Methods
Study Design
All English-speaking new and return patients ages 18 to 89 years visiting an orthopedic surgeon in 1 of 7 clinics located in a large urban area were considered eligible for this study. Enrollment took place intermittently over a 5-month period. We were granted a waiver of written informed consent. Patients indicated their consent by completing the surveys. Patients were randomly assigned to 1 of the 4 questionnaires containing different scale types using an Excel random-number generator. After the visit, patients were asked to complete the survey. All questionnaires were administered on an encrypted tablet via a HIPAA-compliant, secure web-based application for building and managing online surveys and databases (REDCap; Research Electronic Data Capture).6 This study was approved by our Institutional Review Board and is registered on ClinicalTrials.gov (NCT03686735).7
Outcome Measures
Study participants were asked to complete questionnaires regarding demographics (sex, age, race/ethnicity, marital status, level of education, work status, insurance status, comorbidities) and to rate satisfaction with their visit on the scale that was randomly assigned to them: (1) an 11-point Likert scale with 5 anchor points and visible numbers; (2) a 5-point Likert scale with 5 anchor points and no visible numbers; (3) a 0-100 VAS with 3 anchor points and visible numbers; (4) a 0-100 VAS with 3 anchor points and no visible numbers (Figure 1). The 4 scales should not differ in time needed to complete them; however, we did not explicitly measure time to completion. Participants also completed measures of psychological aspects of illness. The 2-item Pain Self-Efficacy Questionnaire (PSEQ-2) was used to measure pain self-efficacy, an effective coping strategy for pain.8 Higher PSEQ-2 scores indicate a higher level of pain self-efficacy. The 5-item Short Health Anxiety Inventory scale (SHAI-5) was also administered; higher scores on this scale indicate a greater degree of health anxiety.9 The Patient-Reported Outcomes Measurement Information System (PROMIS) Depression was used to measure symptoms of depression.10 Finally, the diagnosis was recorded by the surgeon (not in table).
Statistical Analysis
We reported continuous variables using mean, standard deviation (SD), median, and interquartile range (IQR). Categorical data are presented as frequencies and percentages. We calculated floor and ceiling effect and the skewness and kurtosis of every scale. We scaled every scale to 10 and also standardized every scale. We used the Kruskal–Wallis test to compare differences in satisfaction between the scales; Fisher’s exact test to compare differences in floor and ceiling effect; and Spearman correlation tests to test the correlation between scaled satisfaction scores and psychological status.

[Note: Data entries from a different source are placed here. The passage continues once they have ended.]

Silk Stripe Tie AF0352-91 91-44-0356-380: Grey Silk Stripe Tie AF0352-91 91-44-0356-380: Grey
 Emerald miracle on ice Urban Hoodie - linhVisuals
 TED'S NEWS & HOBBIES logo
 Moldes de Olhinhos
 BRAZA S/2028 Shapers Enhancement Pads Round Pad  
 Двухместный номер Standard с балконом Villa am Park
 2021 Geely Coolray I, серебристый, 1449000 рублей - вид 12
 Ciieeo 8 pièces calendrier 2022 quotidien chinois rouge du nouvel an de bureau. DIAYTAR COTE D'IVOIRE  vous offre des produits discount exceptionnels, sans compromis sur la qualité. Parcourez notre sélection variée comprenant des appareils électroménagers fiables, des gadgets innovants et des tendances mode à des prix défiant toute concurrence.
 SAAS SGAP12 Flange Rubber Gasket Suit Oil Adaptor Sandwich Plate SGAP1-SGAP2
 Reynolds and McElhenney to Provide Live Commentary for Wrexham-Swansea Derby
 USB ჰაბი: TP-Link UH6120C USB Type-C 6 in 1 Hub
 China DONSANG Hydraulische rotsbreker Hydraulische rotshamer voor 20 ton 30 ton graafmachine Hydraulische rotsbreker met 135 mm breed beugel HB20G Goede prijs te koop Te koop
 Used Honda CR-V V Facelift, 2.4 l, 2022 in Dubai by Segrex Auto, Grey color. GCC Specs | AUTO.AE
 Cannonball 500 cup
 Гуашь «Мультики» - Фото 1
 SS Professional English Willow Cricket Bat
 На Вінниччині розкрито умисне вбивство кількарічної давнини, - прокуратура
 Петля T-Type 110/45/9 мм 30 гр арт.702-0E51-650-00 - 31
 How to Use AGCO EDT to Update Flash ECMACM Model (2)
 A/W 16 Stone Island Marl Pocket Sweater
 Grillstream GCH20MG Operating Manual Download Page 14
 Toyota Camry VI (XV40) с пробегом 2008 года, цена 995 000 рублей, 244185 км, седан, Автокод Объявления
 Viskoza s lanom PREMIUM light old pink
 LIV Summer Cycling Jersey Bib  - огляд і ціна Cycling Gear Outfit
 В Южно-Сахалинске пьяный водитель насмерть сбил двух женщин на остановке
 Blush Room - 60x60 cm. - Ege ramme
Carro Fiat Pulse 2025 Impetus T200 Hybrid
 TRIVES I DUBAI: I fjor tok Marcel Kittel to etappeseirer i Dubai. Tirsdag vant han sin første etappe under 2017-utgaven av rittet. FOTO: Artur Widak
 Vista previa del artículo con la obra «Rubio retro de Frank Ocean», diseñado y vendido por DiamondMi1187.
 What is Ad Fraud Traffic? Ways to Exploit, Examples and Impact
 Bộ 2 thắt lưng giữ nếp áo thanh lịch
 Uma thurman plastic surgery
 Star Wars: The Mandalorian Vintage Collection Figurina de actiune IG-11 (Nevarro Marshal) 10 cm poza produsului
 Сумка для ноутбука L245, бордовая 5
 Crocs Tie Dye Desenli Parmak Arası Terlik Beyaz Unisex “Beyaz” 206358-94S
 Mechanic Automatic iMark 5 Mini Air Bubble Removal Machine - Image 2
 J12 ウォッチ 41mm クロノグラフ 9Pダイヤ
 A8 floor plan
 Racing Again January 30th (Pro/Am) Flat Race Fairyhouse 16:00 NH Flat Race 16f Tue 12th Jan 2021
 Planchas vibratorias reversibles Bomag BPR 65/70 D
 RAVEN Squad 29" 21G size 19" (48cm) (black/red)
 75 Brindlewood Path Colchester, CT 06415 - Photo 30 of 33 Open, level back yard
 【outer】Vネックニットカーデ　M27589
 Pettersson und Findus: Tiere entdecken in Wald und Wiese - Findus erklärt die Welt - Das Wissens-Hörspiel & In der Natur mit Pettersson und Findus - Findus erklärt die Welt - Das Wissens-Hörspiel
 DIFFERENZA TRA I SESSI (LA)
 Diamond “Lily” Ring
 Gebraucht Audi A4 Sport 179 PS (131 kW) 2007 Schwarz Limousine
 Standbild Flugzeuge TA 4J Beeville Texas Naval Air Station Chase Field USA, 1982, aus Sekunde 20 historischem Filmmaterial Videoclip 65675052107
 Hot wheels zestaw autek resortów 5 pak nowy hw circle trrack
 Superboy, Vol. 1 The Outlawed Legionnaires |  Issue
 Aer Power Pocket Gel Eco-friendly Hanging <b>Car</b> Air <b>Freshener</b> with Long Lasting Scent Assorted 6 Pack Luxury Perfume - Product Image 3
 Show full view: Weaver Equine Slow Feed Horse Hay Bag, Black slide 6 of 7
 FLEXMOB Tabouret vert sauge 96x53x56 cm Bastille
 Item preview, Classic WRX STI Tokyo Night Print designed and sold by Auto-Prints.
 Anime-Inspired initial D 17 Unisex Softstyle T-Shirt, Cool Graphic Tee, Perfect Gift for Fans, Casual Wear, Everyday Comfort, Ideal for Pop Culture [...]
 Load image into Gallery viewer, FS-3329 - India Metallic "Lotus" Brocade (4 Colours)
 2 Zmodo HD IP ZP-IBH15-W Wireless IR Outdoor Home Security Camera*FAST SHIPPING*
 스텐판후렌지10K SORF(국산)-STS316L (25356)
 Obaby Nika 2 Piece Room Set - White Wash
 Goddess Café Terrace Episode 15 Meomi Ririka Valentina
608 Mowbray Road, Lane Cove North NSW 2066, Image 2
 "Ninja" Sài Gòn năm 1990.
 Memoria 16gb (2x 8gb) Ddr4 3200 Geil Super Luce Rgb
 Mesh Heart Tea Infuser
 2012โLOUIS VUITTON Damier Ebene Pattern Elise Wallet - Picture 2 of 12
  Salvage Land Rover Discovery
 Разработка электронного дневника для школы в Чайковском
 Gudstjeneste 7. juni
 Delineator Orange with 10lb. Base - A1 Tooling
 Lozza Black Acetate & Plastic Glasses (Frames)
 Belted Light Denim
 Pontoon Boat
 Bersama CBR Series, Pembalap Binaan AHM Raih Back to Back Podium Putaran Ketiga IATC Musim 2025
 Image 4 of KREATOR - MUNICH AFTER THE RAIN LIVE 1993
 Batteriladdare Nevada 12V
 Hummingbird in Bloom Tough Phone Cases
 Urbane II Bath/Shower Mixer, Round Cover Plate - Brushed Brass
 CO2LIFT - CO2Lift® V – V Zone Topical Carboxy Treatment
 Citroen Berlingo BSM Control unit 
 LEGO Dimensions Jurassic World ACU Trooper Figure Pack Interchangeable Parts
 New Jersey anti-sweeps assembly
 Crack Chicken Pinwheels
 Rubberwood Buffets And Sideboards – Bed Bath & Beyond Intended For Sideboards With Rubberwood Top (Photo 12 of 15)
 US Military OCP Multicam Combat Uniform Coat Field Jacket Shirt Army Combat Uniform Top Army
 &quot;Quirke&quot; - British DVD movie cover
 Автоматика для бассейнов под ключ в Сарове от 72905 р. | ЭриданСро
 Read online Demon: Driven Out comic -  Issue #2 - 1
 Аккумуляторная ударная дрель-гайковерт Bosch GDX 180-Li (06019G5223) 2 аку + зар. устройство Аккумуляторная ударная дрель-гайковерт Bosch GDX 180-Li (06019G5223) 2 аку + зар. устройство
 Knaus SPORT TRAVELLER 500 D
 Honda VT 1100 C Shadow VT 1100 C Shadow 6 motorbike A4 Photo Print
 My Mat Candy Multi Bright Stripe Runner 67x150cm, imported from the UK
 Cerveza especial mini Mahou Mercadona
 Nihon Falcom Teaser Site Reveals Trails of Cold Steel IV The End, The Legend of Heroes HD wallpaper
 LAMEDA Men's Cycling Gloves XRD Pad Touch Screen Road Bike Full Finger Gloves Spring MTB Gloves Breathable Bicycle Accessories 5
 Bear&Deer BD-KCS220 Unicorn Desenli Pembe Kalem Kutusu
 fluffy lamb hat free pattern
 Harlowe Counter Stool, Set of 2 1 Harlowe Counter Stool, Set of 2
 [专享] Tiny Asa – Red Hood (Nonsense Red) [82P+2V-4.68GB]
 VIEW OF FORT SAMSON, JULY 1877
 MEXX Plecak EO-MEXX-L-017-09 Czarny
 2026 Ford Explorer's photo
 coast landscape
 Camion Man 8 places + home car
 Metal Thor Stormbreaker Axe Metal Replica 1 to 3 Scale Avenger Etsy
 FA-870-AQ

Ceiling effects are present when patients select the highest value on a scale rather than a value that reflects their actual feelings about a certain topic. Floor effects are present when patients select the lowest value in a similar fashion. These 2 effects indicate that an independent variable no longer influences the dependent variable being tested. Skewness and kurtosis are rough indicators of a normal distribution of values. Skewness (γ1) is an index of the symmetry of a distribution, with symmetric distributions having a skewness of 0. If skewness has a positive value, it suggests relatively many low values, having a long right tail. Negative skewness suggests relatively many high values, having a long left tail. Kurtosis (γ2) is a measure to describe tailedness of a distribution. Kurtosis of a normal distribution is 3. Negative kurtosis represents little peaked distribution, and positive kurtosis represents more peaked distribution.11,12 If skewness is 0 and kurtosis is 3, there is a normal, or Gaussian, distribution.
Finally, we manually calculated the NPS for all scales by subtracting the percentage of detractors (people who scored between 0 and 6) from the percentage of promoters (people who scored 9 or 10).13 NPS are widely used in the service industry to assess customer satisfaction, and scores range between –100 and 100.
An a priori power analysis indicated that in order to find a difference in satisfaction of 0.5 on a 0-10 scale, with an effect size of 80% and alpha set at 0.05, we needed 128 patients (64 per group). Since we wanted to compare 4 satisfaction scales, we doubled this.